Toute une nuit – Chantal Akerman
“A whole night,” in Brussels, Chantal Akerman weaves a film web. Fast love, germs of a story, emotion of the beginnings. She films at dusk, in great form.
Chantal Akerman wrote to us regularly. She put her address on the back of the envelope (Jeanne Dielman, 23, quai du Commerce, 1080 Bruxelles - 1975), she signed (Je, tu, il, elle - 1974), she gave news in English (News from Home - 1976), she even made appointments (Les Rendez-vous d'Anna - 1978). Letters arrived, thrown in the waste basket by some, read with passion by others. I was more a part of the “others”. But, since 1978, no mail. Projects, but no films. This “lost” time must have nourished Toute une nuit, a film that is very free, low budget and quite funny. One of her best.
What is it about? Akerman imagines that one night, in Brussels (identifiable from the first shot with the St Gudula Cathedral), it is very warm. Worse: it’s muggy. One of those summer nights with 16mm grain and direct sound indiscretions. Instead of going to bed, a large number of Belgian men and women behave strangely, in a way normally associated with characters of a Sci Fi film, before special effects kick in. They will struggle to sleep, even more to sleep alone. The city becomes a commotion of hypertrophied sounds, cafés refuse to close, an Italian hit song (L’amore, sai) pierces through.
Another sound comes on top of these “natural” sounds. The sound of bodies which, exhausted by this nervous desire, fall heavily into each other’s arms, throwing and embracing each other. Once, twice, ten times, like variations on a unique theme. That night, when the curtain rises, we only see crushes in the dark, secretive impulses, half-missed rendezvous, baroque ideas, the sound of doors opening for the expected one, of heels on the pavement, of sleepwalkers’ talks. For a whole night everyone seems to be a winner at the lottery of the desire.
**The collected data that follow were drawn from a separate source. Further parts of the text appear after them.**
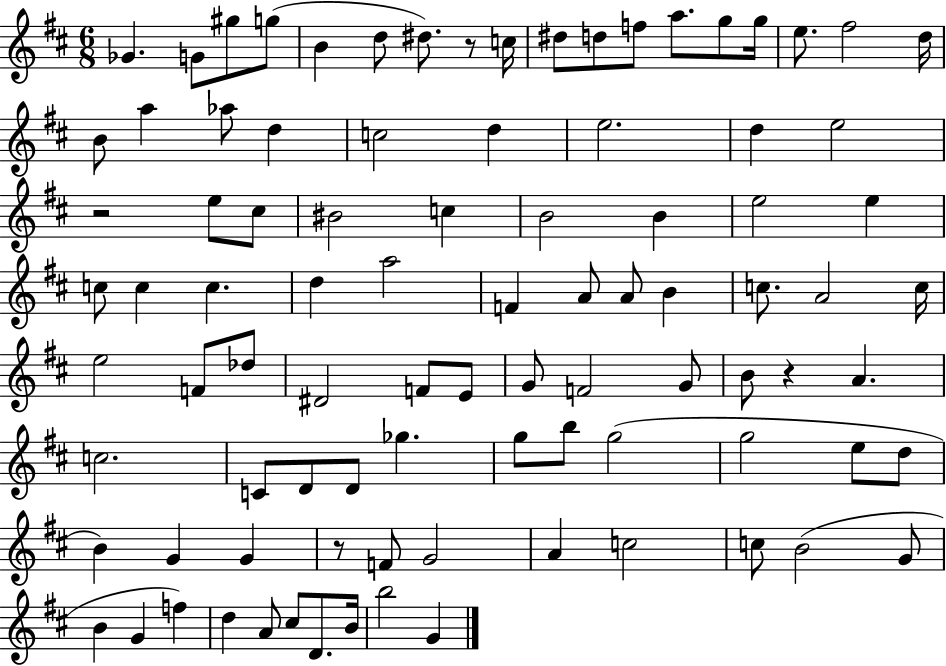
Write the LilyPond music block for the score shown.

{
  \clef treble
  \numericTimeSignature
  \time 6/8
  \key d \major
  \repeat volta 2 { ges'4. g'8 gis''8 g''8( | b'4 d''8 dis''8.) r8 c''16 | dis''8 d''8 f''8 a''8. g''8 g''16 | e''8. fis''2 d''16 | \break b'8 a''4 aes''8 d''4 | c''2 d''4 | e''2. | d''4 e''2 | \break r2 e''8 cis''8 | bis'2 c''4 | b'2 b'4 | e''2 e''4 | \break c''8 c''4 c''4. | d''4 a''2 | f'4 a'8 a'8 b'4 | c''8. a'2 c''16 | \break e''2 f'8 des''8 | dis'2 f'8 e'8 | g'8 f'2 g'8 | b'8 r4 a'4. | \break c''2. | c'8 d'8 d'8 ges''4. | g''8 b''8 g''2( | g''2 e''8 d''8 | \break b'4) g'4 g'4 | r8 f'8 g'2 | a'4 c''2 | c''8 b'2( g'8 | \break b'4 g'4 f''4) | d''4 a'8 cis''8 d'8. b'16 | b''2 g'4 | } \bar "|."
}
It’s the funny part of the film, which confirms that Akerman is rather talented when it comes to madcap comedy, half-way between Tati and cartoons. She knows the clumsiness and the heaviness of these Belgian bodies, their fatigue and their moods, their awkward impetus. A gallery of “characters” is captured at the moment where it’s too early (or too late) to ask them “what they do for a living”. They are in the hour between wolf and dog, scattered in a warm night, very excited.
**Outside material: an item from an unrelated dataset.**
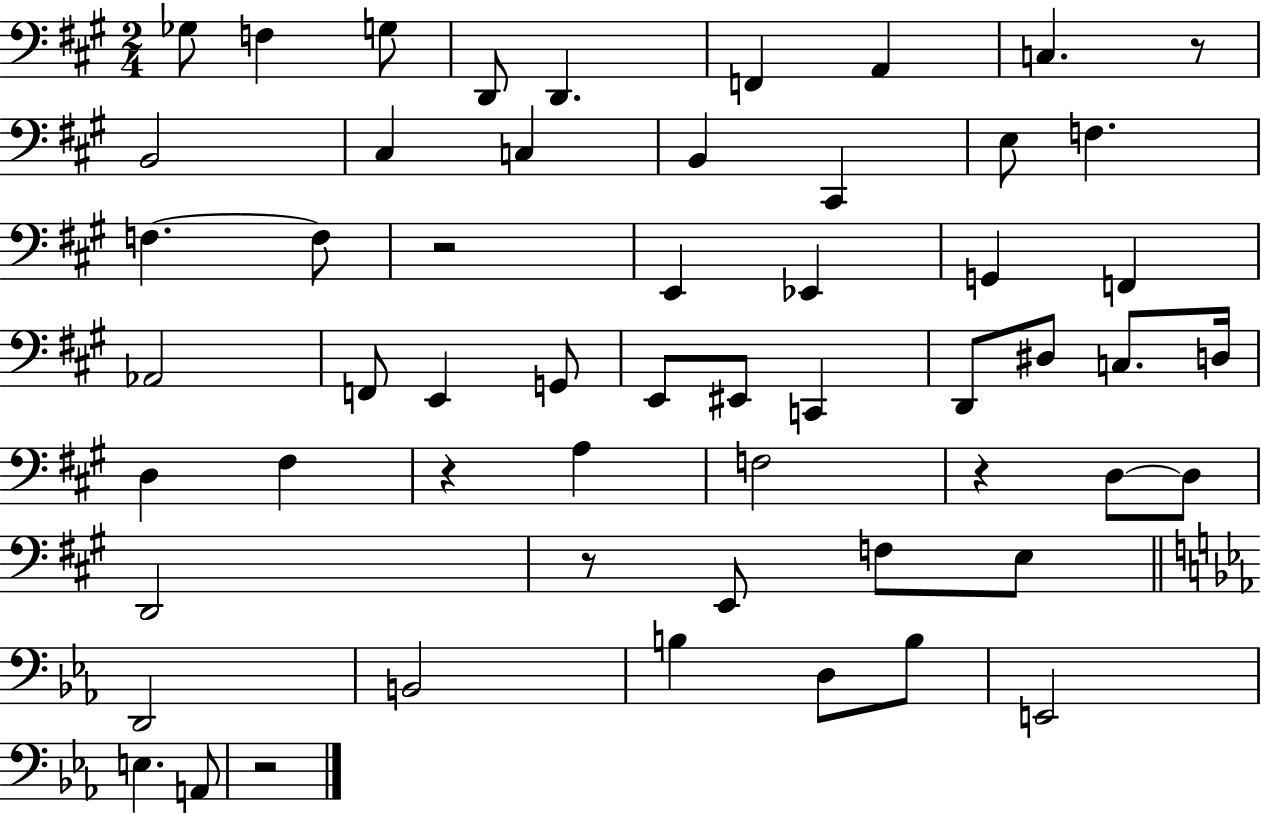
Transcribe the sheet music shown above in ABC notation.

Love, though, happens off camera. We see a lot of sweat, plenty of sensuality, but no sex. Akerman films the before and the after. Except that the after carries the traces of the before. Toute une nuit imperceptibly becomes a documentary on ways to sleep, on rituals, on bed sheets. A moustachioed man in a white singlet struggles to sleep on his couch (he is a writer but we will only learn this in the morning). An aged woman suddenly leaves her husband who slept in blue pyjamas; she goes to a hotel before changing her mind and going back to the blue pyjamas, thirty seconds before the alarm clock rings. A young man wakes up his partner, a soldier who sneaked out of the barracks and slips out of mauve bed sheets. The night is longer than the desire; the camera is more patient that the night; the city is waking up: Brussels is going to become Brussels again.
We were waiting for daybreak, here it is. It’s the most beautiful part of the film. Twice obscure heroes, the “characters” are entering the light of day. Half-seen and half-known. We know just little enough about them to still see them for who they are, with traces of dreams on their faces, wrong reflexes boiling the morning coffee, memory lapses. Then, a soundtrack is unleashed and encircles them, like an island of possible fictions in a small (Belgian) world without fiction, a motionless racket. The real fiction, that goes from A to Z, from “once upon a time” to “the end”, is not for this film. With Toute une nuit, Chantal Akerman only films from A to B. Like thousand hopes of small fictions, but never a great story. If a circle is ideally made of infinite straight lines, here are a few lines. If a line is but a suite of dots, here are some dots. If a dot is, at its limit, an immaterial concept, then here is some immateriality. Knowing Akerman’s admiration for Ozu, this doesn’t come as a surprise.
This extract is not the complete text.